But books are no longer condensed wisdom. They’ve been made secular, robbed of their special status. The guy who writes a book isn’t an author any more. He’s just some asshole sitting in his pajamas. Why should I listen to what some author has to say? Authors are just slow bloggers, and bloggers are jerks.

How will we ensure that our descendants are wiser than we are if we rob them of the cultural and intellectual birthright our parents enjoyed, and their parents, and all the parents all the way back to Gutenberg? How can we expect the volume of human wisdom to grow, for humanity itself to become smarter, if we embrace the notion that our own opinions are as valid as anybody’s, and you shouldn’t listen to that author/journalist/blogger because he’s just some asshole?

There was a time when natural barriers of economics and logistics made it difficult to get one’s words into print. Doing so was an investment, one that separated the great thinkers from the asshole on the bus. Now we’ve removed those barriers, and surprise surprise, a great flood of assholes have washed over us, spewing out their vomitous expectorations in a way that’s superficially indistinguishable from the great words of the great thinkers — assuming there are any left.

The naive respond by believing everything they read — or, God help us, watch on YouTube. The cynical shut their minds to all opinion and thought, acting on the entirely rational assumption that ninety-nine percent of everything they hear is bullshit.

As a result, we breed a generation made up of the foolish and the ignorant in equal proportions.

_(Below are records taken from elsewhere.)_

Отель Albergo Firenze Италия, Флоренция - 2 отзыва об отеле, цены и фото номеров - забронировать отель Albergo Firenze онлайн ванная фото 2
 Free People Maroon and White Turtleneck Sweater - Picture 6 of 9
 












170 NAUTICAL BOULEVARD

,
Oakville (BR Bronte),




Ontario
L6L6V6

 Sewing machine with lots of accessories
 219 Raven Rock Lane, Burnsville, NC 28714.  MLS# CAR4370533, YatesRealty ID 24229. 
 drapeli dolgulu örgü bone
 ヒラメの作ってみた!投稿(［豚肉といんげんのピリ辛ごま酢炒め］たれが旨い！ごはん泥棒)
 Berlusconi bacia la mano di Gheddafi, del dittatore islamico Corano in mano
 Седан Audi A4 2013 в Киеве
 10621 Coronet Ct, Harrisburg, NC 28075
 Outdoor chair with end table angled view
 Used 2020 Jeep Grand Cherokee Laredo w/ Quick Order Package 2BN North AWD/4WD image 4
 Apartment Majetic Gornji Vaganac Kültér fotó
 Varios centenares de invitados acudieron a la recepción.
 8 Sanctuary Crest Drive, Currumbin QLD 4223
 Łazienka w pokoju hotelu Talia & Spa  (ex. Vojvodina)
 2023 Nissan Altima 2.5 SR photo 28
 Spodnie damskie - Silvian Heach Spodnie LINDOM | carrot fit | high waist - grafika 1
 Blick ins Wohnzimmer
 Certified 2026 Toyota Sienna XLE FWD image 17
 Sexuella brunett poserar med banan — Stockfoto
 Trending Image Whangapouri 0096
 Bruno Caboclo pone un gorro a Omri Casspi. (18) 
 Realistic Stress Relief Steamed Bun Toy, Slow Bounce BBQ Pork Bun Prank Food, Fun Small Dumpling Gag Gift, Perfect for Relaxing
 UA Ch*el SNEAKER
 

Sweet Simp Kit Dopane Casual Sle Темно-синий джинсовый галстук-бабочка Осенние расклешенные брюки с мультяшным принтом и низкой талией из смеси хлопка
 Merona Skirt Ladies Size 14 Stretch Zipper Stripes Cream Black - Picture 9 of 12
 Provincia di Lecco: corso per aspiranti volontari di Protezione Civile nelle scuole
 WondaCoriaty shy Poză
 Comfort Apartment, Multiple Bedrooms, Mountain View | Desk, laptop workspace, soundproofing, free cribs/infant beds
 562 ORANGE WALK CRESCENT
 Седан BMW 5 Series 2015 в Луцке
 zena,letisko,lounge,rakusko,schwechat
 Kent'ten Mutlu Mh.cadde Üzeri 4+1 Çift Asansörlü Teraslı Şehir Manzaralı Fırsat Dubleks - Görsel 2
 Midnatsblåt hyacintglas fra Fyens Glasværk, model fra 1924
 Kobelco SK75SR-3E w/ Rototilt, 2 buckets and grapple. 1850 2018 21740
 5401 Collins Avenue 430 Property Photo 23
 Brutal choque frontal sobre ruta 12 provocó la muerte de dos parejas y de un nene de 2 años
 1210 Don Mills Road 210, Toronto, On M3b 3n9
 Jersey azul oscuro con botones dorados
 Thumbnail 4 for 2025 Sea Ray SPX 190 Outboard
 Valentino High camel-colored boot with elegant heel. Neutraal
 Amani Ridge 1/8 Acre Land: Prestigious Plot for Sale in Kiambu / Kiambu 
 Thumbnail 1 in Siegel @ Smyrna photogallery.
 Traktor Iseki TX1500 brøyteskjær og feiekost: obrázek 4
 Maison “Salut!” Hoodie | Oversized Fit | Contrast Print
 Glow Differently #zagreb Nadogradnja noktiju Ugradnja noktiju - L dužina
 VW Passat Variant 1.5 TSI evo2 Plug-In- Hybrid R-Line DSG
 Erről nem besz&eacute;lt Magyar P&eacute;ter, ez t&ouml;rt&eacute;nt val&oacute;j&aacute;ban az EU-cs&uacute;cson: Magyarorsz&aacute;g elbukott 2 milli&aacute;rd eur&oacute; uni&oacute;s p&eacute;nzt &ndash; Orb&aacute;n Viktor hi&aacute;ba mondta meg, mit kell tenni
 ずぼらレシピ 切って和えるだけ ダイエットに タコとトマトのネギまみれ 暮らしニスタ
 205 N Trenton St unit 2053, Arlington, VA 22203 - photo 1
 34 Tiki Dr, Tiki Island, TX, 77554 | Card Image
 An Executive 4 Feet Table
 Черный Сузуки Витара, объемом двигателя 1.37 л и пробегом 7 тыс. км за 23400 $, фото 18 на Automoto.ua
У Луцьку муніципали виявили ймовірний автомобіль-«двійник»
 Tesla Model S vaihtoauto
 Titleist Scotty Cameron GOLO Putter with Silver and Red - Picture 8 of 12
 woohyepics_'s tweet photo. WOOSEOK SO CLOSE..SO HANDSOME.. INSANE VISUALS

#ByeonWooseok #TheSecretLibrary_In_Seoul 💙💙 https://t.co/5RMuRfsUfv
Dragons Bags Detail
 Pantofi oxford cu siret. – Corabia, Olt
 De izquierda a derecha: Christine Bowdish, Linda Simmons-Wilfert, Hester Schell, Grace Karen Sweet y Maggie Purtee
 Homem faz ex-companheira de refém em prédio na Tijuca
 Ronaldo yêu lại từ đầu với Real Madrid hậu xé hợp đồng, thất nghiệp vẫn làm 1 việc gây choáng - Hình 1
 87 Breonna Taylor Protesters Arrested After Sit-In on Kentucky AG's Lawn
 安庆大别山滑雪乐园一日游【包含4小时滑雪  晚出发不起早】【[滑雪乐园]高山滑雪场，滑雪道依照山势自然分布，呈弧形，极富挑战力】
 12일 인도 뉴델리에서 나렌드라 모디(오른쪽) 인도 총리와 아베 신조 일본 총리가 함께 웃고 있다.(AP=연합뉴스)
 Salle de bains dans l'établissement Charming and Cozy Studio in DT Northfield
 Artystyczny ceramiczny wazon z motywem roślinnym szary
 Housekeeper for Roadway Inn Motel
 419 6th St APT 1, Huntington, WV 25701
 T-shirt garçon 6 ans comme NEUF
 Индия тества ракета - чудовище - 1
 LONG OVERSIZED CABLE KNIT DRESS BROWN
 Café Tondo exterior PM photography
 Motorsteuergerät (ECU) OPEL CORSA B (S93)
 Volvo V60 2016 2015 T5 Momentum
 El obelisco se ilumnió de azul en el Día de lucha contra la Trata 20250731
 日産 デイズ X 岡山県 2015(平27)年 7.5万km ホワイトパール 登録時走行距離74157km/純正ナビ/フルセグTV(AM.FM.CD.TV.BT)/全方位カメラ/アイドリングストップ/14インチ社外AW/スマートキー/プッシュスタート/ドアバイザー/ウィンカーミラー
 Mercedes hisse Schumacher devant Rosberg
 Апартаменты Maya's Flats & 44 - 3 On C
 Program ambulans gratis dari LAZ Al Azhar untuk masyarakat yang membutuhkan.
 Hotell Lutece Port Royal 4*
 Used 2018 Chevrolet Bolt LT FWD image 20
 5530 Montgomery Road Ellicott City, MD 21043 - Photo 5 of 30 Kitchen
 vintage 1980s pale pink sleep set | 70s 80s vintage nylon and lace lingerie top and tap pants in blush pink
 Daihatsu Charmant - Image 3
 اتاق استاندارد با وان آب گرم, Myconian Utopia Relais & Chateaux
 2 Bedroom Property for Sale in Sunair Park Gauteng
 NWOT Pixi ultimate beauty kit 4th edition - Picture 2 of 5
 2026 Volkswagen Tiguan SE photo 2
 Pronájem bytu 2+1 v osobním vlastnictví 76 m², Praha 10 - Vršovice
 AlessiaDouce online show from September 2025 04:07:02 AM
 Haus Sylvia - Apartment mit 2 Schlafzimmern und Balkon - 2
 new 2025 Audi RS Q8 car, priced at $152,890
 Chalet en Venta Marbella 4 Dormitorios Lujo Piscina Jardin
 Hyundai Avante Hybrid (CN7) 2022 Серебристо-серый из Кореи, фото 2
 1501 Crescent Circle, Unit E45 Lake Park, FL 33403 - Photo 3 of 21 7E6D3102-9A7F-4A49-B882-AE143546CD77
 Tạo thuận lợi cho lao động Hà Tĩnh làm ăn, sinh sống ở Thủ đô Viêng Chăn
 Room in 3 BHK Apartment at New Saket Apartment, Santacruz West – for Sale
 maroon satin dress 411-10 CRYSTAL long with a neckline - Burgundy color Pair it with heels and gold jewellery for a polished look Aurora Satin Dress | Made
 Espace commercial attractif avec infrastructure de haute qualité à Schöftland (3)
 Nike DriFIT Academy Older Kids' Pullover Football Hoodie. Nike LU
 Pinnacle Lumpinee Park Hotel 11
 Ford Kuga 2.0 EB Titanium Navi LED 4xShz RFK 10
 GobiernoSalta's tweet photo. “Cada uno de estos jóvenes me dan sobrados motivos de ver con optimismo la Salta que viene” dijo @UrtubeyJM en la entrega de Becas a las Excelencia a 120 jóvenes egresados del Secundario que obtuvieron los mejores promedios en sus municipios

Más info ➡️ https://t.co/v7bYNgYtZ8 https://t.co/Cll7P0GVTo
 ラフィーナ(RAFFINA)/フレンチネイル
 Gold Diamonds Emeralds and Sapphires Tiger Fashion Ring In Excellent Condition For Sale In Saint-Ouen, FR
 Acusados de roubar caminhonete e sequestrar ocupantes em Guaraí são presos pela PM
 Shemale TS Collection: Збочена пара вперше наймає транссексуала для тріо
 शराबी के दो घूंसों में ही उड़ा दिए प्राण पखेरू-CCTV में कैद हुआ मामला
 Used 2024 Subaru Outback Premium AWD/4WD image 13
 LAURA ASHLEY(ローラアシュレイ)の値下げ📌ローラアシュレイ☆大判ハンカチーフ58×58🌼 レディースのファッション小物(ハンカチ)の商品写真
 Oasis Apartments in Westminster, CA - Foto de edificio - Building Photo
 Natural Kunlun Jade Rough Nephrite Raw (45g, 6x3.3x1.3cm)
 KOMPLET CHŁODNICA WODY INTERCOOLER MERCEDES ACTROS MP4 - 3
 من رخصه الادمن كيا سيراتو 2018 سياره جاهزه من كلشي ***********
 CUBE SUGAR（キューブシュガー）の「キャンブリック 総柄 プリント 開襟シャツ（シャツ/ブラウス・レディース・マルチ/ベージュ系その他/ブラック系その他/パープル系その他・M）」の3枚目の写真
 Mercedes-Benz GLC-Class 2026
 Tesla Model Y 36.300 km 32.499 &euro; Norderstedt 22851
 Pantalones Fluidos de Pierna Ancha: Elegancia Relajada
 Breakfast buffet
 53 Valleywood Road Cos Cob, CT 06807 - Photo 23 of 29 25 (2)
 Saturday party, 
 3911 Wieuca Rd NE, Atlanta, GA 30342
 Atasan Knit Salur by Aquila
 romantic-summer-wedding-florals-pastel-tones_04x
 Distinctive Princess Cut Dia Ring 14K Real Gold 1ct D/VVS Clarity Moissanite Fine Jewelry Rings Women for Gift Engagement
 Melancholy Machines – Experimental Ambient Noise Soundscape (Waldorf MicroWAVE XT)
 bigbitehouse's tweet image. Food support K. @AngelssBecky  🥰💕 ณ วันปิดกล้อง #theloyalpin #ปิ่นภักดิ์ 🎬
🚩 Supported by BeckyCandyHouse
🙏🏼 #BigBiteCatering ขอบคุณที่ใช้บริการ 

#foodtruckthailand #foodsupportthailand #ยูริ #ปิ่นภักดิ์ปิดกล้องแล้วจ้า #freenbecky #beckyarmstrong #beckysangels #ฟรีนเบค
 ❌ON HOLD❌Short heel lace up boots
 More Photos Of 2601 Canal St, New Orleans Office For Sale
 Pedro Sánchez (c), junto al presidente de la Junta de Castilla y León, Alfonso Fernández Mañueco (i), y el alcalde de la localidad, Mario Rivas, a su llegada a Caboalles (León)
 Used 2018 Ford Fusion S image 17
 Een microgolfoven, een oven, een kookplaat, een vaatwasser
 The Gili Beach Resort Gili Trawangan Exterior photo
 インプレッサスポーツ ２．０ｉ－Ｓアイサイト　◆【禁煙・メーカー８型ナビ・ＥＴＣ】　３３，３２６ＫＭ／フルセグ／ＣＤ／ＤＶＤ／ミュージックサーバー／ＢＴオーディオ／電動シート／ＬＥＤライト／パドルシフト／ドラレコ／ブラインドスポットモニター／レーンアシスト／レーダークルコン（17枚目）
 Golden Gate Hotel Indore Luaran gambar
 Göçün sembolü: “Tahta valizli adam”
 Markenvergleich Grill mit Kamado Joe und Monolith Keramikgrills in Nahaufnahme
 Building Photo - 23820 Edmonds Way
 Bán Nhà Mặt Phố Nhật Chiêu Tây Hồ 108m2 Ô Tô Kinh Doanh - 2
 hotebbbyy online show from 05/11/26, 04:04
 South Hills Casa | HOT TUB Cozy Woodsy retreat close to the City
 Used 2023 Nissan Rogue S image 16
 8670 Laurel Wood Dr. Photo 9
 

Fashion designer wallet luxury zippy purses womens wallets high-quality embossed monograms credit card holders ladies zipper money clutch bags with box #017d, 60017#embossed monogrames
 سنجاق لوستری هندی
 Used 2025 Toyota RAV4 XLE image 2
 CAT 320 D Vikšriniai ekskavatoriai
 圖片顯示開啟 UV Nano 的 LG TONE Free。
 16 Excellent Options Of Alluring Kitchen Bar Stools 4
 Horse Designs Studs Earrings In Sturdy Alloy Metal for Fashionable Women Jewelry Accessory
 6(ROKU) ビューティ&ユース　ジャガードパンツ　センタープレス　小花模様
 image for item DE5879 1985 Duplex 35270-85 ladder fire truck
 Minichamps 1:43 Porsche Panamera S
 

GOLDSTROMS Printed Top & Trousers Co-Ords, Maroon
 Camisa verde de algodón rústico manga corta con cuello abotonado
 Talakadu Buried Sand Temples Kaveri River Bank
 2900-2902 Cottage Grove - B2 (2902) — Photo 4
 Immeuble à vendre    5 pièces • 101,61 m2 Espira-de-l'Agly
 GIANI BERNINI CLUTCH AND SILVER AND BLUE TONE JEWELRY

In his apocalyptic poem “The Second Coming,” William Butler Yeats wrote, “The best lack all convictions, while the worst are filled with passionate intensity.” That’s as accurate a description of our present state of affairs as any I can think of.

Of course, if Yeats were alive today he’d have a blog, and no one would read it, and all his wonderful, perfect words would fall on deaf ears, and in a week they’d be forgotten as the lidless public eye turns toward a picture of a cat next to a cheeseburger.

Surely some revelation is at hand.

Posts that might or might not be related to this one

Comments


  1. Even before I could access the internet, I believed the written word especially in the service of journalism, was a whore. I’ve always felt the need to glean something close to fact what in I read and what I watched and draw my own conclusions.

    I’ll admit it wasn’t the cheap whore of most blogs. It carried a false air of ‘truthiness’ because it had an publishing establishment behind it.

    However that only served to give false credibility and in my opinion is more dangerous.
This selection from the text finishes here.